Does anyone know why the S-procedure is called this way? Is there a reason for why the letter 'S' in S-procedure? Unfortunately, I don't have access to the original paper ([3]) from Yakubovich.
References:
[1]: Derinkuyu, Kürşad, and Mustafa Ç. Pınar. "On the S-procedure and some variants." Mathematical Methods of Operations Research 64.1 (2006): 55-77.
[2]: Pólik, Imre, and Tamás Terlaky. "A survey of the S-lemma." SIAM review 49.3 (2007): 371-418.
[3]: Yakubovich, V. A. "S-procedure in nonlinear control theory." Vestnik Leningrad University: Mathematics 1 (1971): 62-77.
 A: According to [1] the term S procedure was coined in 1964 by Aizerman in the book Absolute stability of regulator systems. This book is available through amazon and in various libraries. Given the title of the book I'm inclined to say that the name S procedure is related to the stability of some system of inequalities 
[1] El Ghaoui, Laurent, Eric Feron, and Venkataramanan Balakrishnan. Linear matrix inequalities in system and control theory. Vol. 15. Philadelphia: Society for industrial and applied mathematics, 1994.

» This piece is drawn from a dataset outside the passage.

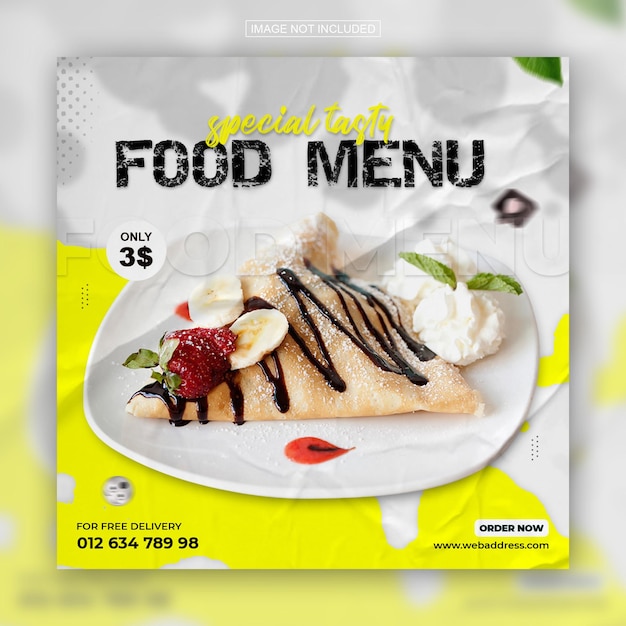 PSD speciale menu di cibo delizioso social media instagram post design modello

A: The paper http://www.mathnet.ru/php/archive.phtml?wshow=paper&jrnid=at&paperid=1299&option_lang=eng by Gusev and Likhtarnikov, which appeared in English translation at http://link.springer.com/article/10.1134%2FS000511790611004X, says on page 9 of the original paper (in Russian) that the letter $S$ is used as the name of a function 
$S(x,\xi) = V'(x,\xi) + \tau\sigma{f(\sigma)}$ in the book Absolute Stability of Regulator Systems by Aizerman and Gantmakher, published by the Soviet Academy of Sciences in 1963. (This is the original book mentioned by user3429697, but appearing a year earlier than its English translation. Note the book has two authors, not one.) Gusev and Likhtarnikov say that the computations in which $S(x,\xi)$ arose generalized an approach introduced in a book by A. I. Lurie, "Some Nonlinear Problems in the Theory of Automatic Control" (Gostekhizdat, 1951), who used the same function with $\tau = 1$, and since Aizerman and Gantmakher write the function as $S$ they named the process of Lurie the $S$-procedure.